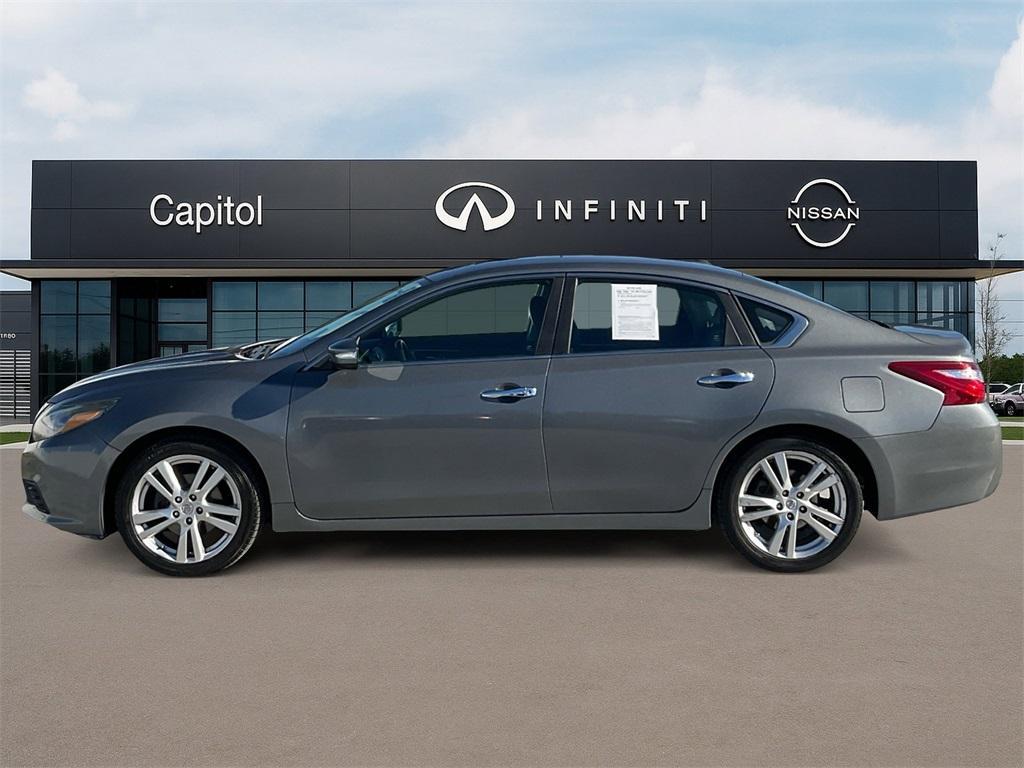 used 2017 Nissan Altima car, priced at $8,700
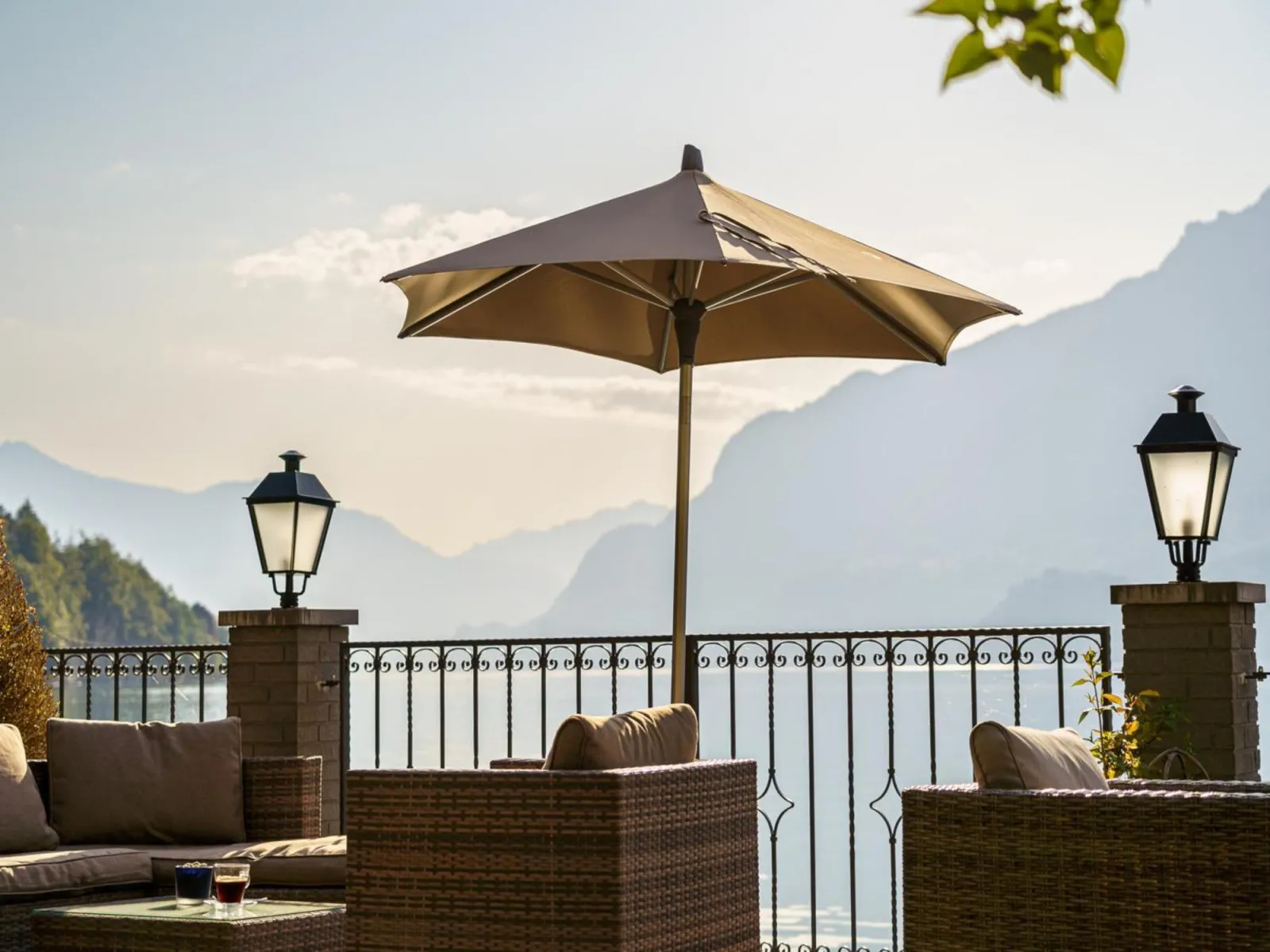 Hotel Seeburg - Adults only – Restaurant & gastronomie, Adults-Only Hotel in Berner Oberland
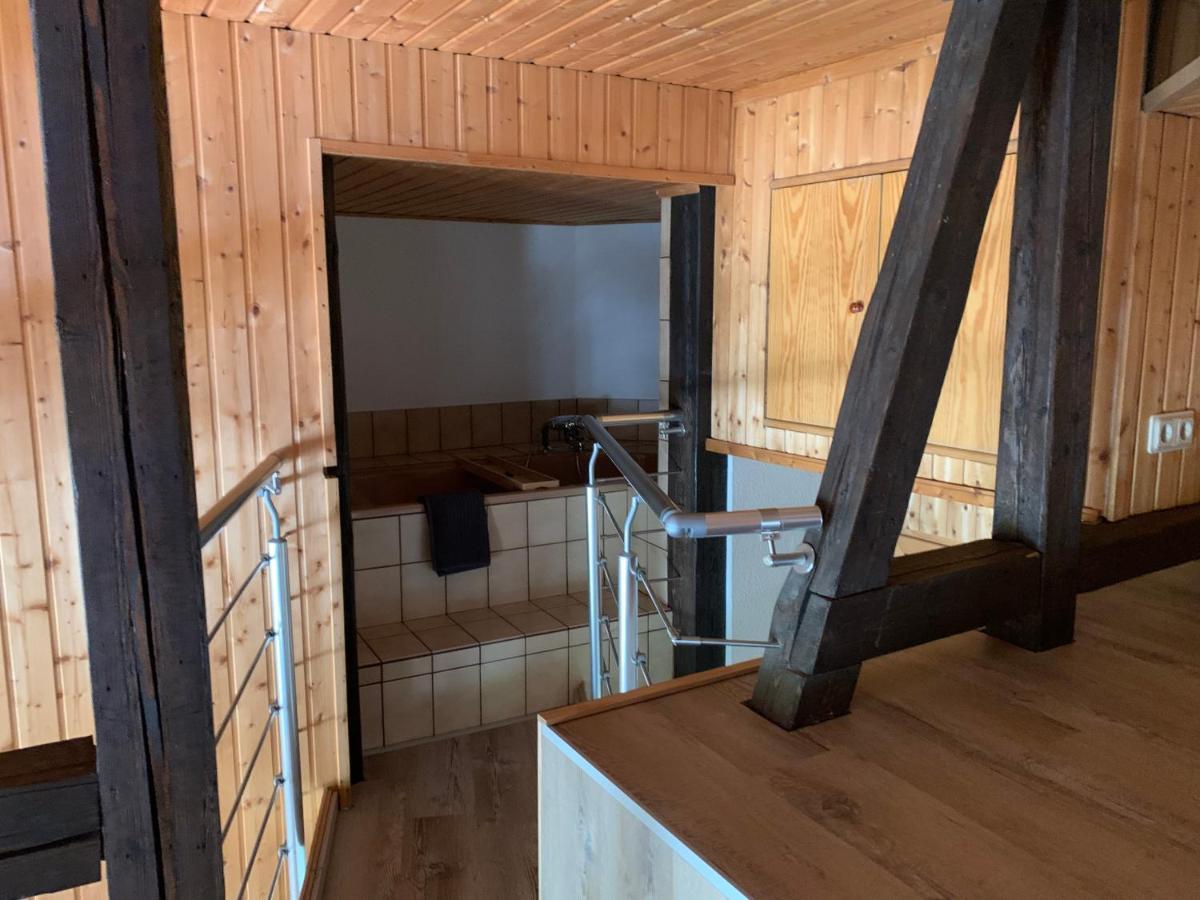 Haus Am Kurpark Apartment Клаустал-Целерфелд Екстериор снимка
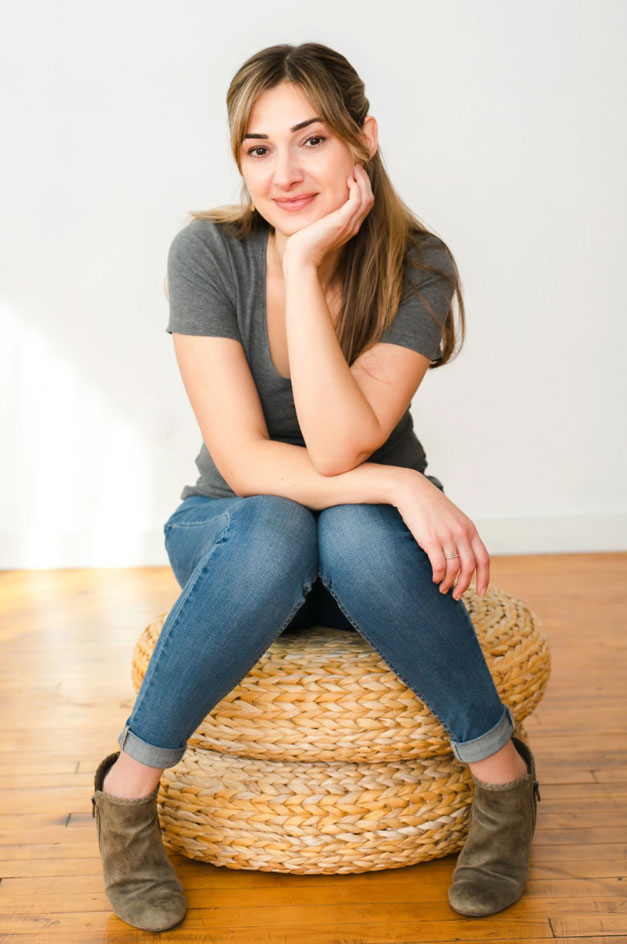 Katie Sharpe, LMFT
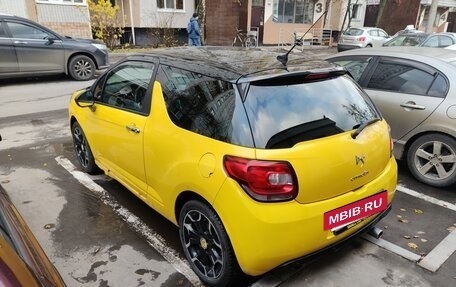 Citroen DS3 I рестайлинг, 2011 год, 450 000 рублей, 4 фотография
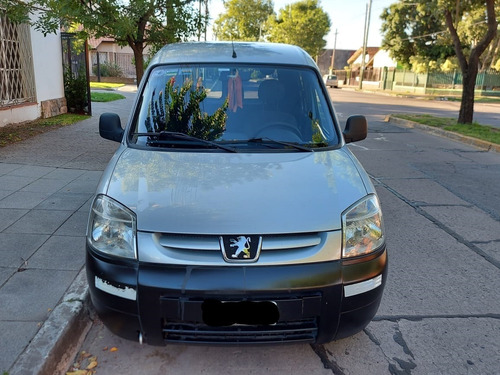 Peugeot Partner 1.4 Nafta Gnc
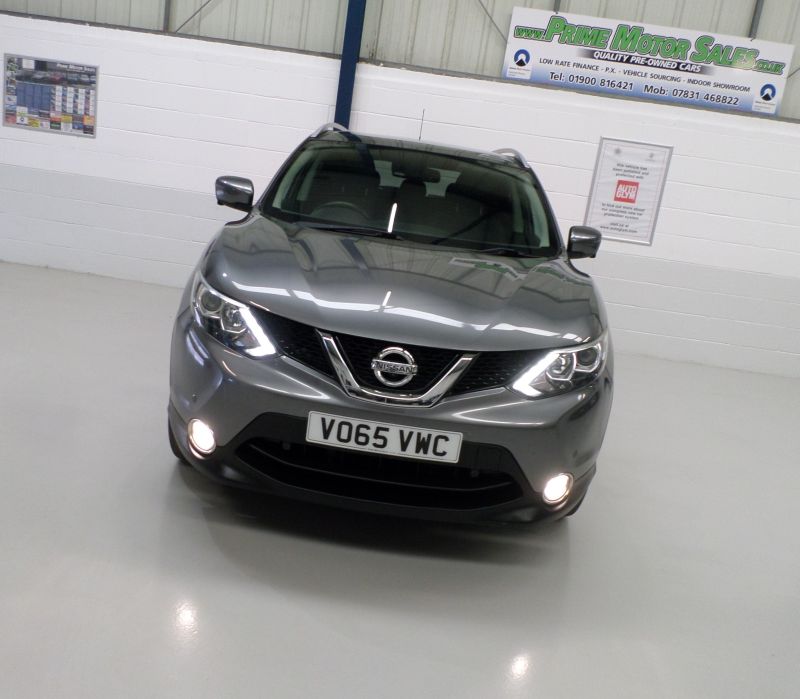 NISSAN QASHQAI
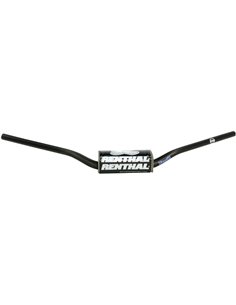 Guidon Renthal 827 Ktm Blk 827-01-BK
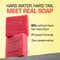 Soulflower Detan Bright Tomato Soap for Tan Removal & Moisturizer (100 g)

========================================================================

Give back each of the records above word for word, apart from the pictures.

_Task response_:
 used 2017 Nissan Altima car, priced at $8,700
 Hotel Seeburg - Adults only – Restaurant & gastronomie, Adults-Only Hotel in Berner Oberland
 Haus Am Kurpark Apartment Клаустал-Целерфелд Екстериор снимка
 Katie Sharpe, LMFT
 Citroen DS3 I рестайлинг, 2011 год, 450 000 рублей, 4 фотография
 Peugeot Partner 1.4 Nafta Gnc
 NISSAN QASHQAI
 Guidon Renthal 827 Ktm Blk 827-01-BK
 Soulflower Detan Bright Tomato Soap for Tan Removal & Moisturizer (100 g)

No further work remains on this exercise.